▸ The problem
Word for word, copy the line containing "Watercolor Asian Crane" and every line after it in the records below, leaving pictures out.

<<<<

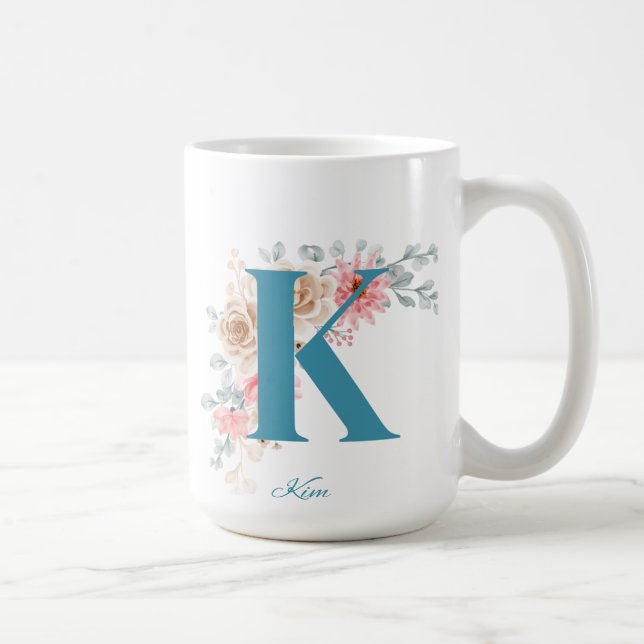 Personlig Kaffe Mugg Brev K (Höger)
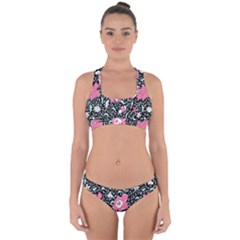 Oriental Style Floral Pattern Background Wallpaper Cross Back Hipster Bikini Set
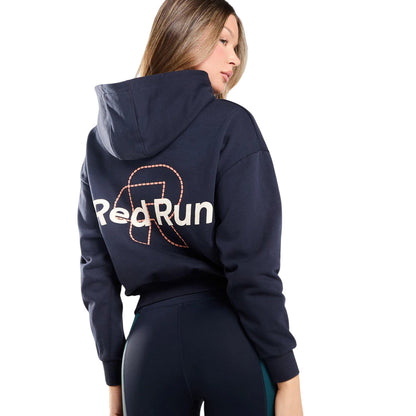 Blue - Back - Red Run Womens-Ladies Active Hoodie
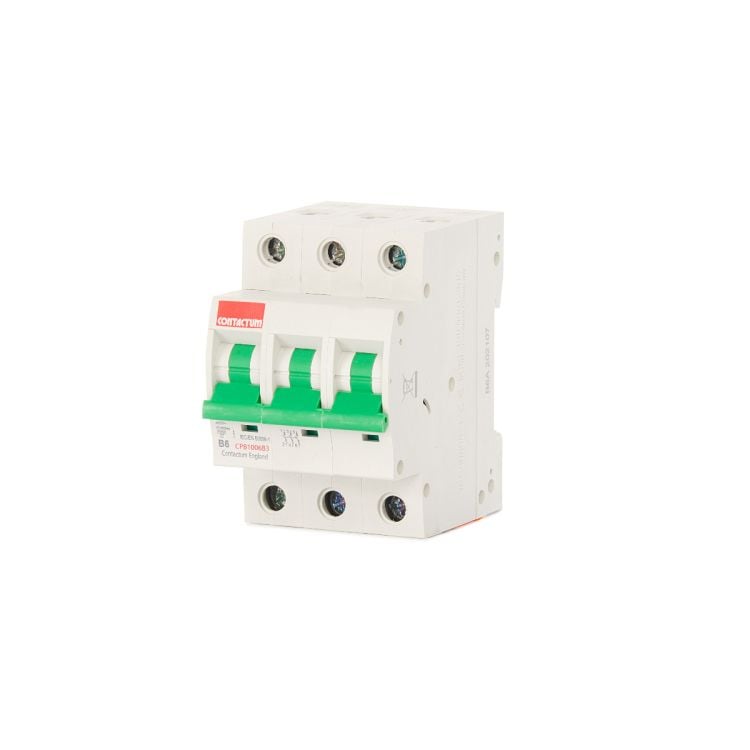 Contactum 6 Amp Triple Pole Type B MCB 10KA | CPB1006B3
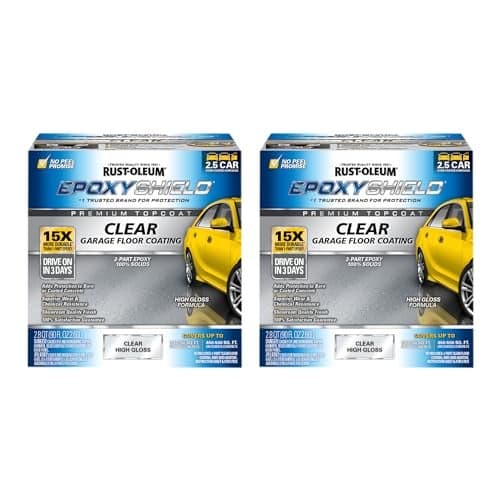 Rust-Oleum 292514-2PK EPOXYSHIELD Premium Clear Garage Floor Coating Kit, 2.5 Car, Gloss Clear, 2 Pack
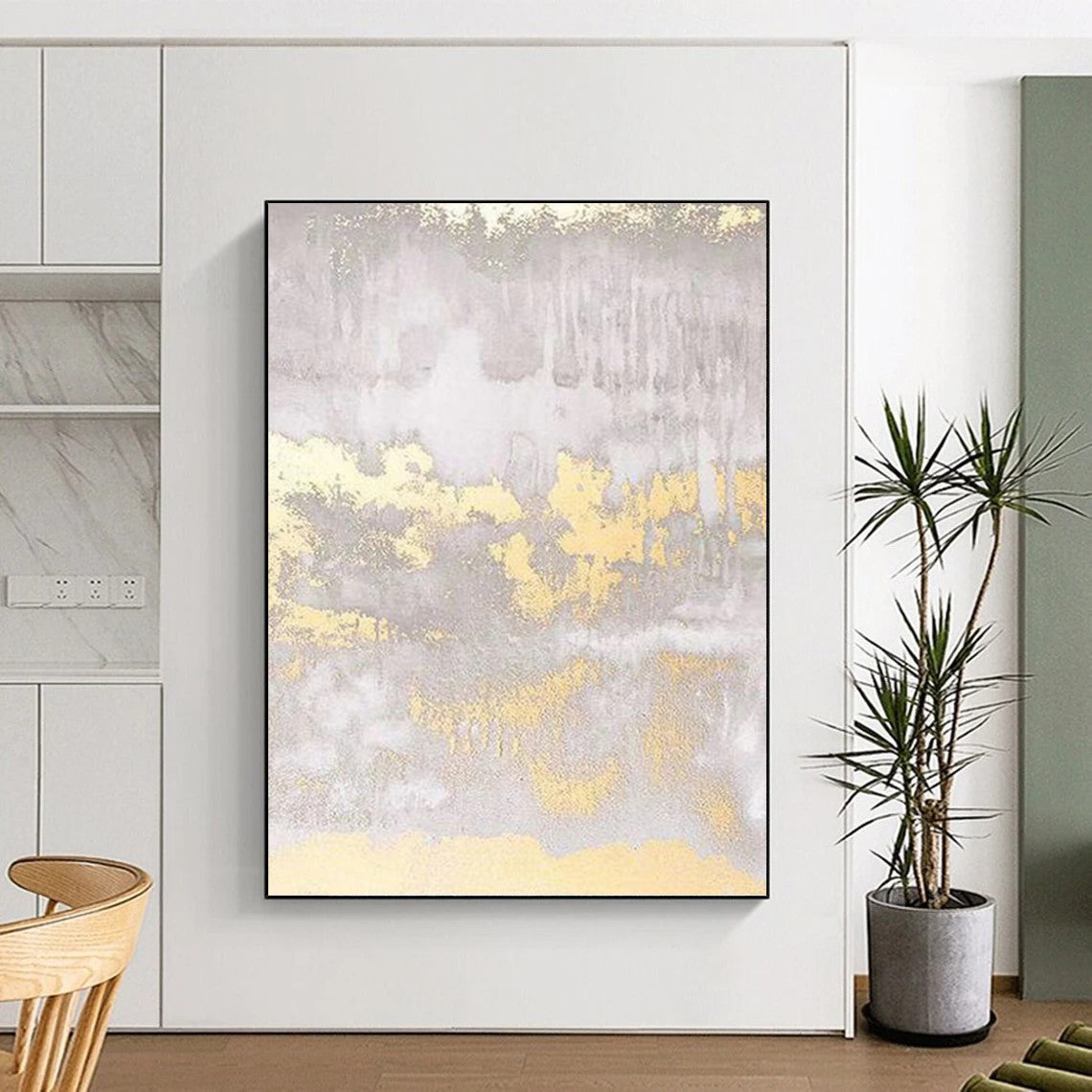 Dramatic Textured Abstract Painting for Dining Room & Entryway DKH0951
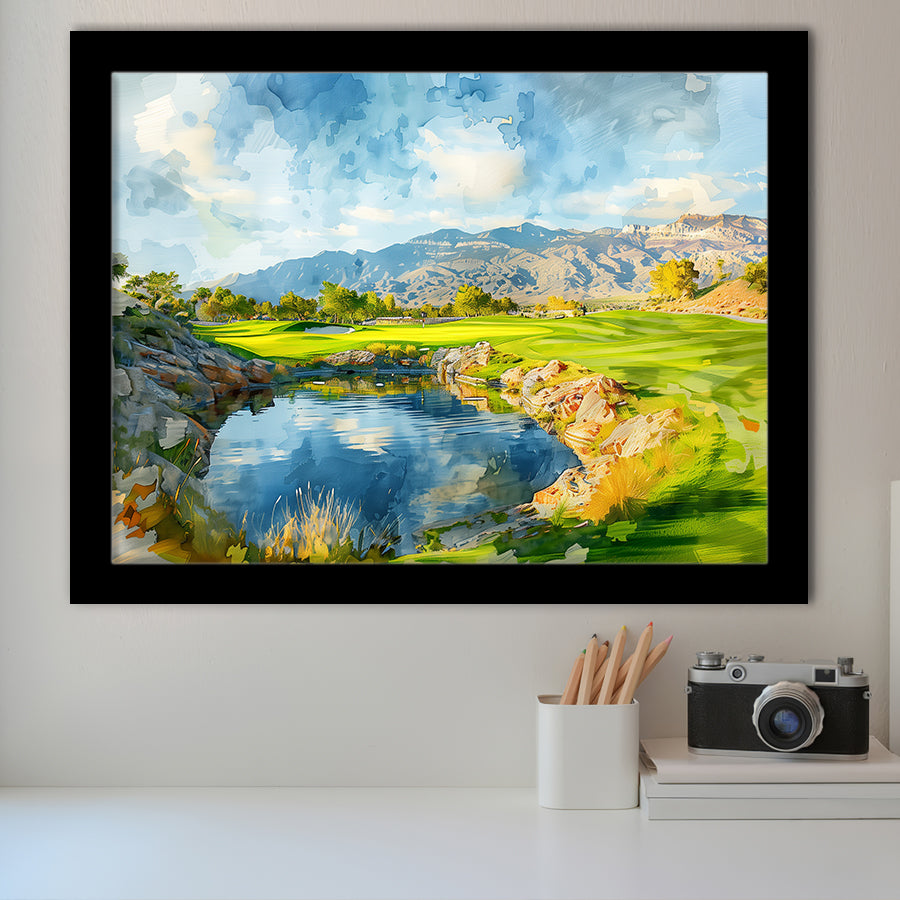 Shadow Creek Golf Club Hole 18 Painting, Golf Art, Gift for him, Framed Art Prints Wall Decor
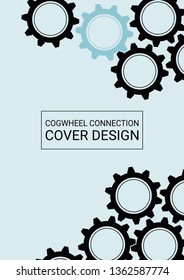 Industrial engineering background. Vector minimal flat page. Graphic template. Wheels and cogs colorful gear journal. Blue and black vibes. Industrial engineering background design.
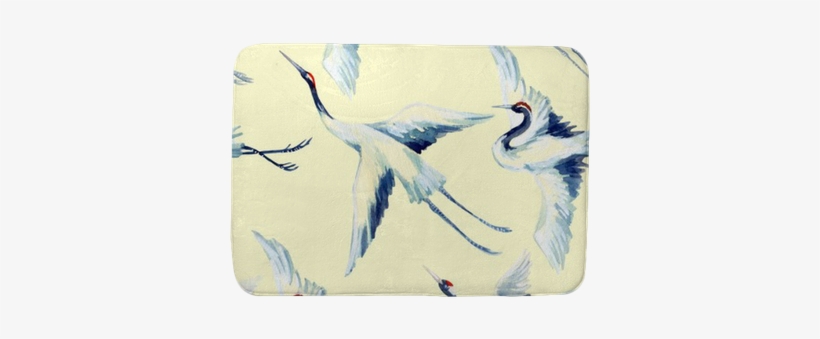 Watercolor Asian Crane Bird Seamless Pattern Bath Mat - Watercolor Crane Bird, transparent png download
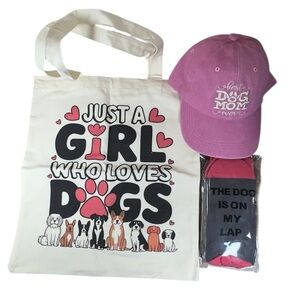 Dog Mom Gift Set Bundle Hat Tote Socks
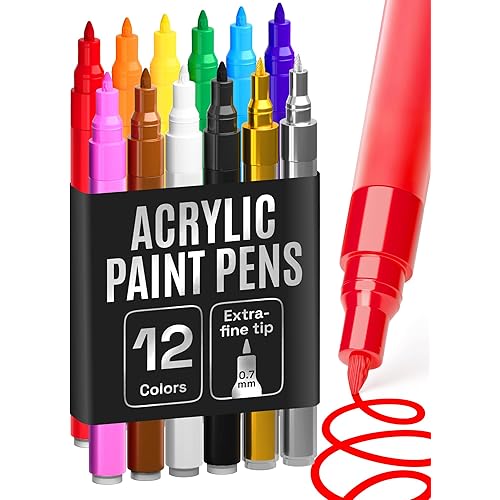 ARTISTRO 12 Paint Pens for Glass Marking, Rock Painting, Ceramic, Wood, Fabric, Scrapbooking, DIY Craft Making, Coloring - Acrylic Paint Markers Extra-Fine Tip 0.7mm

>>>>

▸ Result for this exercise
 Watercolor Asian Crane Bird Seamless Pattern Bath Mat - Watercolor Crane Bird, transparent png download
 Dog Mom Gift Set Bundle Hat Tote Socks
 ARTISTRO 12 Paint Pens for Glass Marking, Rock Painting, Ceramic, Wood, Fabric, Scrapbooking, DIY Craft Making, Coloring - Acrylic Paint Markers Extra-Fine Tip 0.7mm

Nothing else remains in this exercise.